2. Distributivity over addition: $\mathbf{u} \cdot (\mathbf{v} + \mathbf{w}) = \mathbf{u} \cdot \mathbf{v} + \mathbf{u} \cdot \mathbf{w}$ This property allows us to break down complex scalar products into simpler ones.
3. Scalar multiplication: $(k\mathbf{v}) \cdot \mathbf{w} = k(\mathbf{v} \cdot \mathbf{w})$ Where $k$ is a scalar. This property shows how scalar multiplication interacts with the dot product.
4. Self-dot product: $\mathbf{v} \cdot \mathbf{v} = ||\mathbf{v}||^2$ The scalar product of a vector with itself equals the square of its magnitude. This is because

$$\mathbf{v}\cdot\mathbf{v} = v_1^2 + v_2^2 + v_3^2 = \sqrt{v_1^2 + v_2^2 + v_3^2}^2 = ||\mathbf{v}||^2$$

Geometric Interpretation

One of the most powerful aspects of the scalar product is its geometric interpretation. For two vectors $\mathbf{v}$ and $\mathbf{w}$, their scalar product is related to their magnitudes and the angle between them by the formula:

$$\mathbf{v} \cdot \mathbf{w} = ||\mathbf{v}||\times ||\mathbf{w}||\cos\theta$$

Where $\theta$ is the angle between $\mathbf{v}$ and $\mathbf{w}$, and $||\mathbf{v}||$ and $||\mathbf{w}||$ are the magnitudes of the vectors.

This formula provides a powerful way to find angles between vectors and has numerous applications in physics, particularly in calculating work done by a force.

The above figure shows a quick geometrical interpretation of the dot product. If you have two vectors, and draw a perpendicular line with one attaching it to another to make a right angle triangle, the length of the the 'adjacent' component is equal to $||\mathbf{v}||\cos(\theta)$ where $\mathbf{v}$ is the hypotenuse of this triangle.

By multiplying this length by $\mathbf{w}$ which is going to be the vector pointing in the same direction as the adjacent component of the right angle triangle, we will get $||\mathbf{w}||\,||\mathbf{v}||\cos\theta$

In physics, this can be used to represent the force in a direction from each component $x,y,z$, or how much 'power' one vector has combined with another in a particular direction.

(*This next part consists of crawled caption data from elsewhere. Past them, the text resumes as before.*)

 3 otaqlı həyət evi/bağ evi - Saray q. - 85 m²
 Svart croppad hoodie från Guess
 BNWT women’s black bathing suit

Applications of the Dot Product

Perpendicular Vectors

One key application of the dot product is in determining whether two vectors are perpendicular (orthogonal). Two non-zero vectors $\mathbf{v}$ and $\mathbf{w}$ are perpendicular if and only if their scalar product is zero:

$$\mathbf{v} \cdot \mathbf{w} = 0 \iff \mathbf{v} \perp \mathbf{w}$$

This follows from the geometric interpretation, as $\cos 90° = 0$.

Parallel Vectors

For parallel vectors, the angle between them is either 0° (same direction) or 180° (opposite directions). In either case, $|\cos\theta| = 1$, which leads to:

$$||\mathbf{v} \cdot \mathbf{w}|| = ||\mathbf{v}||\,||\mathbf{w}||$$

This equality holds if and only if the vectors are parallel.

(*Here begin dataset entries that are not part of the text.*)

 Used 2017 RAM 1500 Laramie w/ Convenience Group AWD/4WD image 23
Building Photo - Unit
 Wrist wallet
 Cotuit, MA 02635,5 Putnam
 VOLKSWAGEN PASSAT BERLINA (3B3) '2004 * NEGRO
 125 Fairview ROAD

Finding Angles Between Vectors

The scalar product formula can be rearranged to find the angle between two vectors:

$$\theta = \arccos\left(\frac{\mathbf{v} \cdot \mathbf{w}}{|\mathbf{v}||\mathbf{w}|}\right)$$

This is particularly useful in geometry and physics problems where angles between vectors are required.